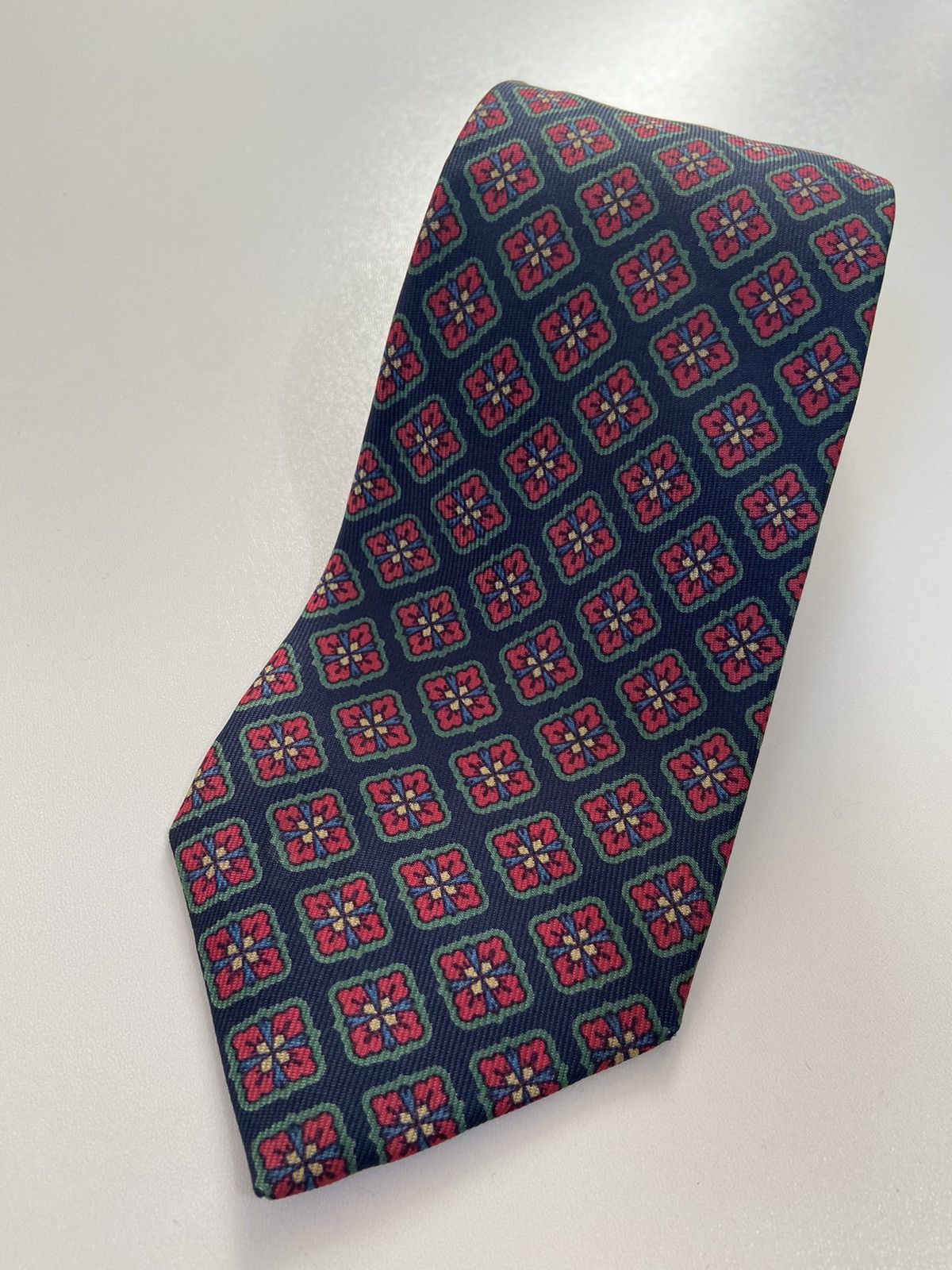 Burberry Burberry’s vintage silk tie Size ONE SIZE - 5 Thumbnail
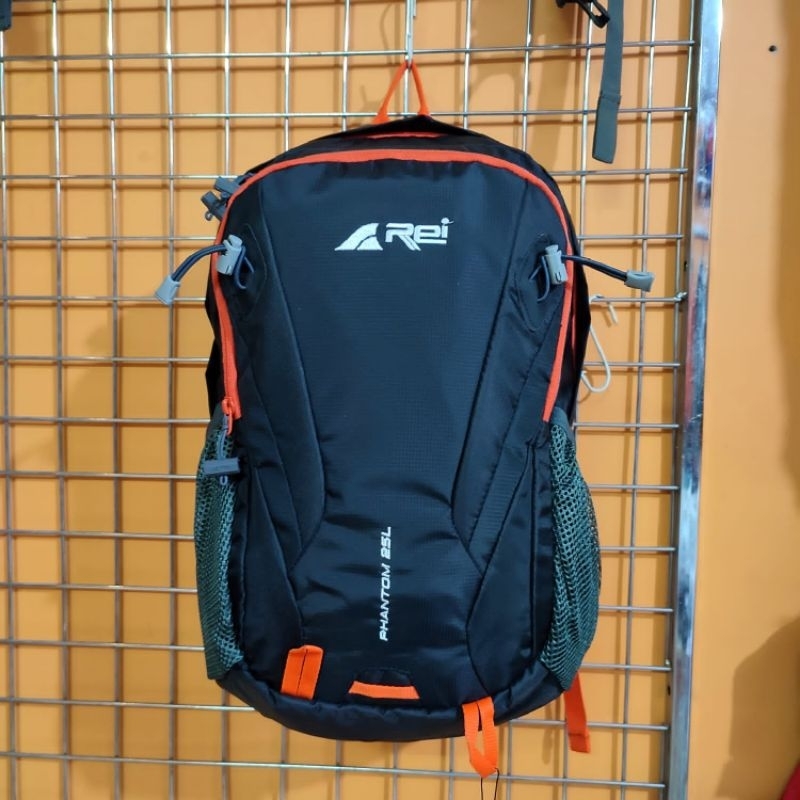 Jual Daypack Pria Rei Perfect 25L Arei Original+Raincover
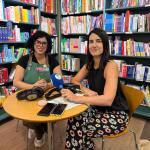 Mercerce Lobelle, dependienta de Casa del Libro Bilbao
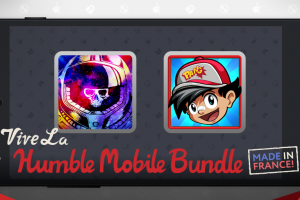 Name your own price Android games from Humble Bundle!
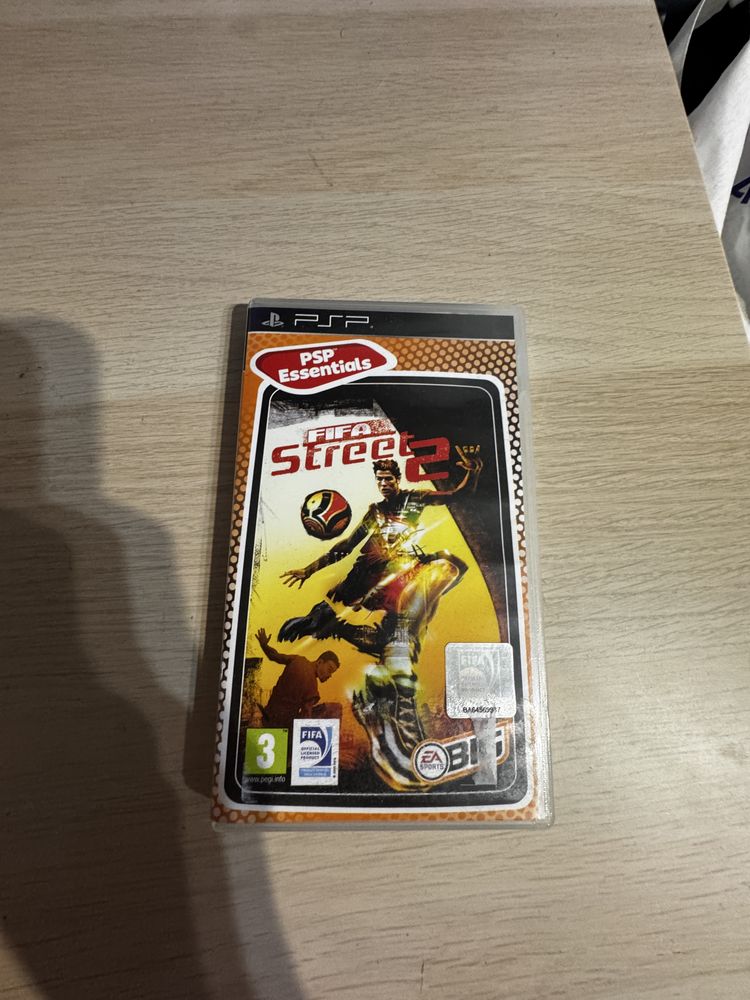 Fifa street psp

——————————

• What is being asked
Word for word, reproduce the material above and omit each image.

• Solution for this problem
 Burberry Burberry’s vintage silk tie Size ONE SIZE - 5 Thumbnail
 Jual Daypack Pria Rei Perfect 25L Arei Original+Raincover
 Mercerce Lobelle, dependienta de Casa del Libro Bilbao
 Name your own price Android games from Humble Bundle!
 Fifa street psp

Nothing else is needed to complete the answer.